His family believed travel is good for the mind and soul. They used to take trips to museum, homes of inventors, and tombs of famous authors. But one of his most memorable trips as a child was to the Baseball Hall of Fame in Cooperstown, New York. He was able to take a visit on the hallowed ground where his favorite game was first played, and took a chance to see the great relics of baseball, like Babe Ruth’s bat, Ty Cobb’s spikes, and Shoeless Joe Jackson’s glove.
He was raised in a French Catholic home outside Detroit, and was comfortable with the notion of following in the footsteps of writers, painters, even ballplayers. As a young man, Phil was privileged to “recreate” the old Grand Tour of Europe “tramping over the cobblestones and riding the rails of the Old World for six glorious months.” This awakened his soul, or in his words, “lit a fire in my soul”; he was immersed in his travel which was so meaningful to him that he sent a telegram to his family telling them that he wasn’t coming home for a long while.
“If we truly want to know the secret of soulful travel, we need to believe that there is something sacred waiting to be discovered in virtually every journey.” (p. XXII)
His own words can explain the longings of his heart and soul: “To paraphrase Henry David Thoreau, I longed to travel deliberately, to encounter the ‘essential things’ of history, venture somewhere strange and unknown, ancient and elemental.”

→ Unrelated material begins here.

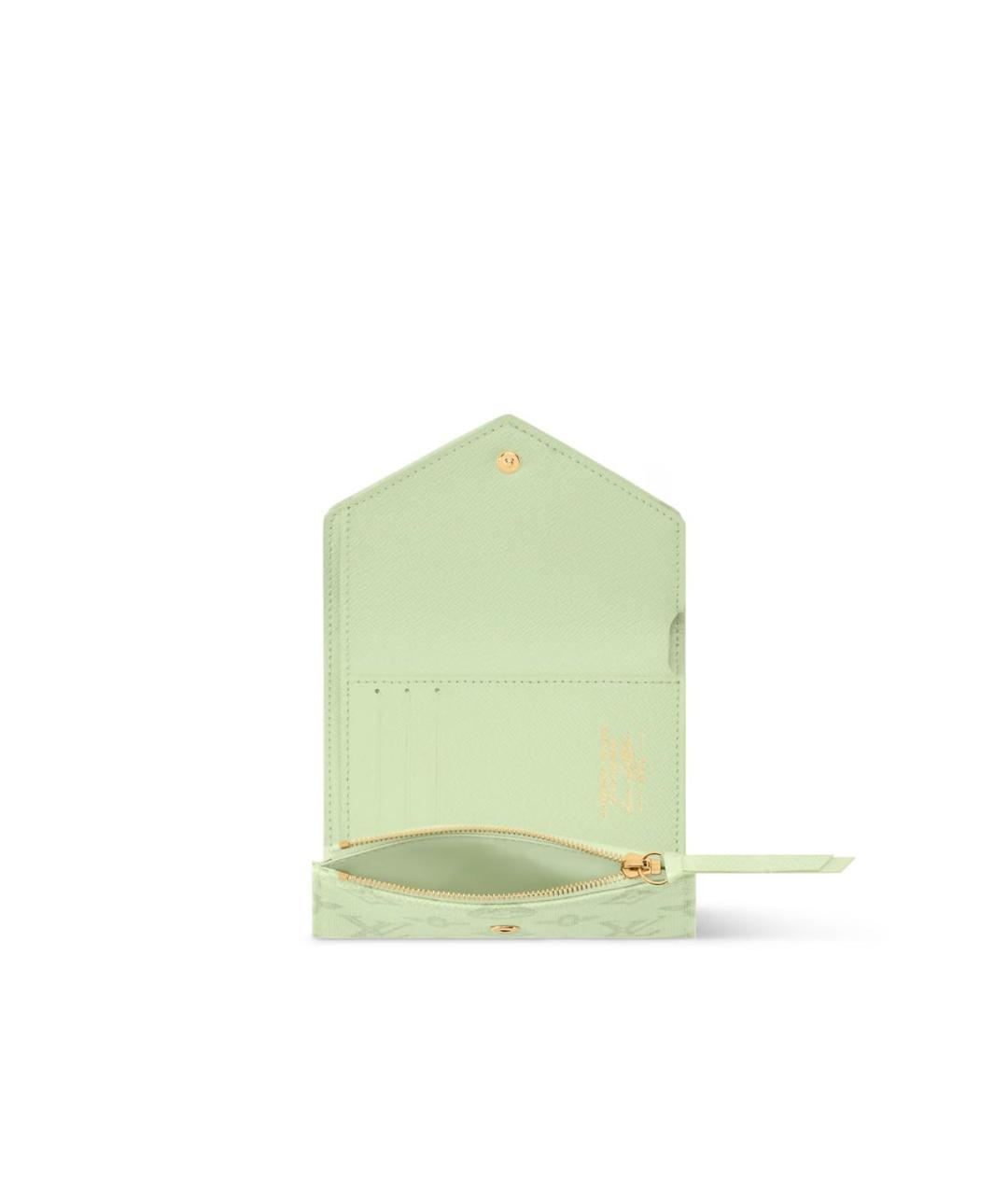 LOUIS VUITTON Салатовый кожаный кошелек, фото 2
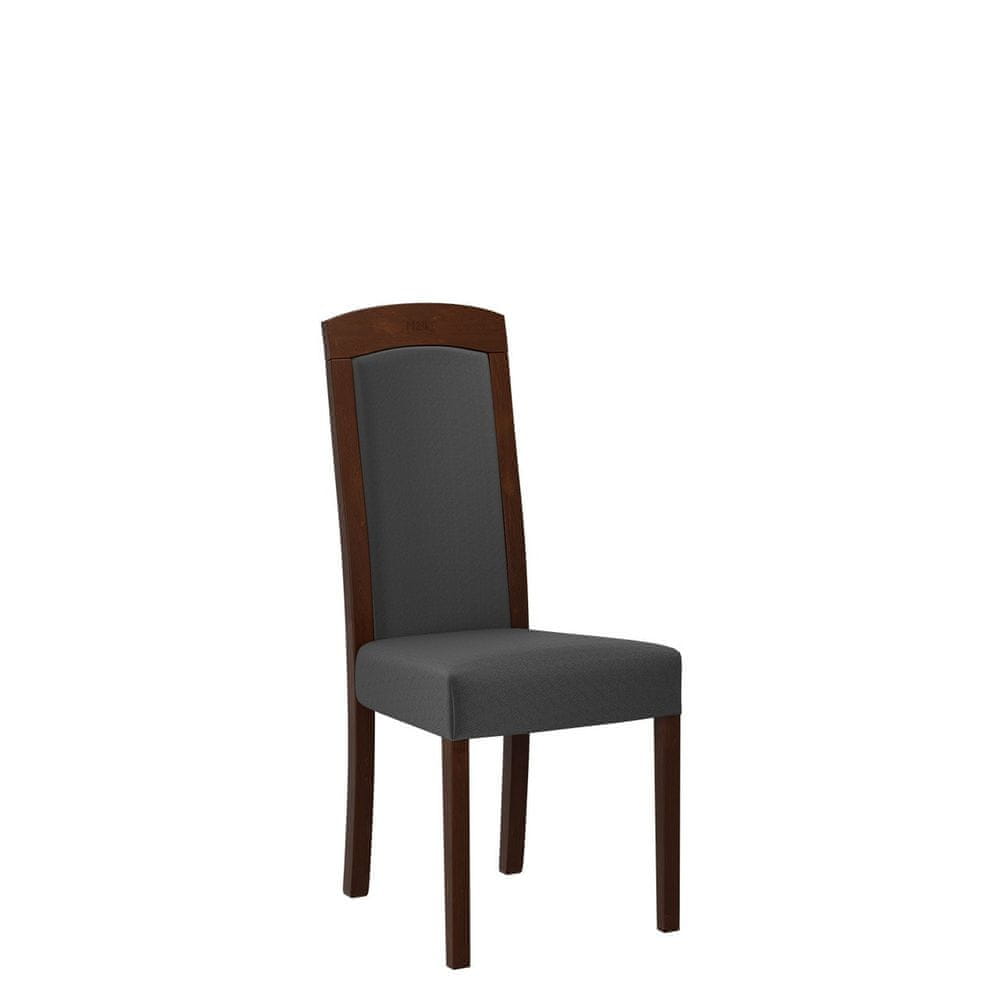 Veneti Jedálenská stolička s čalúneným sedákom ENELI 7 - orech / tmavá šedá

Phil had longed to see the sphinx of Egypt or the world of the pharaohs, or to have a glimpse of ancient mystery. He was told by an Egyptian friend on the eve of his departure to Egypt that “making a pilgrimage was a way to prove your faith and find answers to your deepest questions.” Though he was struck by the word pilgrim and pilgrimage, for they were new to him at that time, it came to him that man really has to make a pilgrimage, that we are not permanent residents of this world, but pilgrims and passers-by.
Indeed, as many of world religions would say we are just passing by, we are all going home to that ‘place’ God has prepared for us. We are all going home to our ‘final, resting home’. This material world is a temporary world; it is not our home.
“To people the world over, pilgrimage is a spiritual exercise, an act of devotion to find a source of healing, or even to perform a penance. Always, it is a journey of risk and renewal. For a journey without challenge has no meaning; one with purpose has no soul.” (p. xxiii)
Then Phil, as he now successfully came to Egypt, and explored the tombs in the Valley of the Kings, came across a group of Bedouins sitting in the shade of towering date trees, who invited him to sit with them. One of them told his story of his being able to participate in the excavations of the temple grounds, and they all did it with their bare hands. Phil was reminded of his father’s stories about Herodotus and Pausanius who traveled in those temples. As he watched the pyramids and the Bedouins, he felt a stillness and a timelessness that he had longed for. It was only then that he felt utterly happy. In his journey to ancient historical and biblical places, which his Egyptian friend called pilgrimage, he felt he was at the crossroads in his life and seeking answers.
This book is divided into seven valuable parts or stages which all contribute to the meaning of life and pilgrimage. Phil Cousineau is a pilgrim artist – I can say. In this work, he is able to incorporate the art of writing and actual experience. His experiences as a world traveler to exciting and wonderful spots and his versatility in the written word are effectively proven in this book.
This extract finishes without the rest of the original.